Der Druck auf die historischen Substanzen und damit auch auf die Archäologie nahm in den Ortskernen seit 2014, als der Bund im Rahmen des Raumplanungsgesetzes die innere Verdichtung ausrief, markant zu. «Das bedeutet für uns viel Arbeit. Wir müssen effizienter und schneller arbeiten als zuvor», berichtet Kantonsarchäologe Reto Marti. Dabei werden neu spezielle Wärmebildkameras verwendet, mit denen ältere Bausubstanzen erkannt werden können.
Wasser für die Römerstadt
Erkenntnisse gewannen die Archäologinnen und Archäologen im vergangenen Jahr auch dank der entdeckten römischen Wasserleitung in Liestal. Um sich der Geländetopografie anzupassen, mussten die Römer Kurven in die Wasserleitungen bauen, damit die Höhenunterschiede überwunden werden konnten. Dies taten sie, indem sie kurze gerade Stücke zueinander angewinkelt platzierten, was schliesslich zu einer Kurve führte.
Ein Highlight für die Archä ologie Baselland war 2019 die Ausstellung im Rahmen des 1000-Jahre-Jubiläums des Basler Münsters im Kunstmuseum Basel. Dabei stellte die Archäologie Baselland dar, wie die Menschen in der Region vor 1000 Jahren gelebt haben müssen. Weil Funde von damals rar sind und für den Betrachter nur wenig exakte Erkenntnisse liefern, stellte die Archäologie Baselland mittels digitalisierter Bilder Landschaften dar, wie sie vor 1000 Jahren ausgesehen haben könnten. Eines dieser drei Lebensbilder stellte den künstlich aufgeschütteten Büchel bei Zunzgen dar. Darauf stand wohl ein hölzerner Wehrturm, wie Ausgrabungen aus dem Jahr 1950 zeigen.

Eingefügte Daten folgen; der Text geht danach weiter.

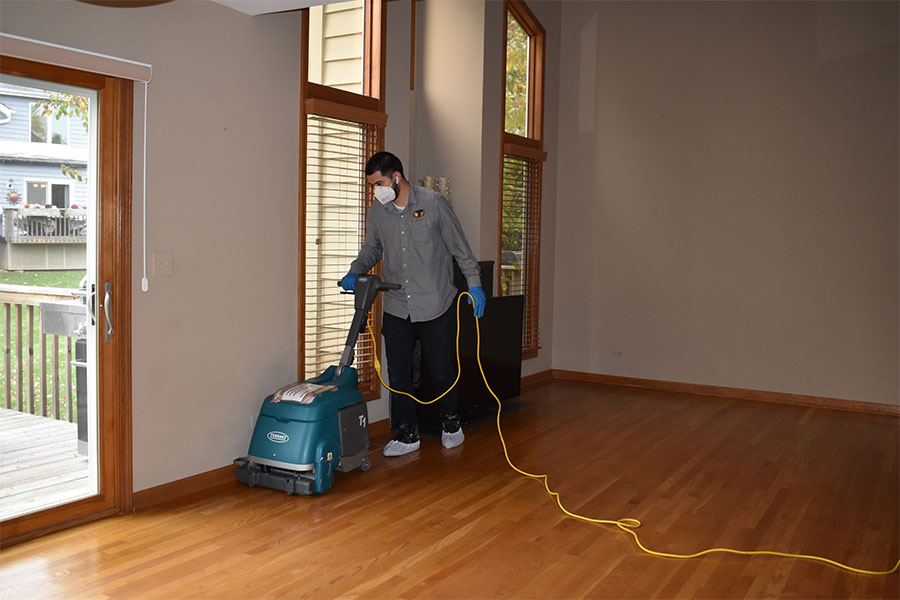 A dedicated worker from a wood floor cleaning service carefully maneuvers a floor machine over polished hardwood, in a bright room with tall windows and an open patio door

Zusammenarbeit mit «Spähern»
Seit 2009 ist Kantonsarchäologe Reto Marti im Amt. Seit 10 Jahren präsentiert er anlässlich der Jahresmedienkonferenz die Arbeit der Archäologie Baselland. Das Ziel war von Beginn weg, die breite Bevölkerung stärker einzubinden. «Wir machen ja die ganze Arbeit nicht für uns, sondern für die Öffentlichkeit.» Damit einhergehend streckten die Profis die Hand aus für all jene, die sich hobbymässig mit Archäologie beschäftigen und in ihrer Freizeit auf eigene Faust unter anderem mit Metalldetektoren auf die Suche gehen.
Mehrere Hobby-Archäologen werden heute als ehrenamtliche «Späher» in die Arbeit miteinbezogen. «Sie sind vor allem dort unterwegs, wo wir nicht sein können: zum Beispiel in Wäldern oder auf Hügeln», beschreibt Reto Marti. Unter anderem fand ein solcher Späher die Silbermünzen in Pratteln.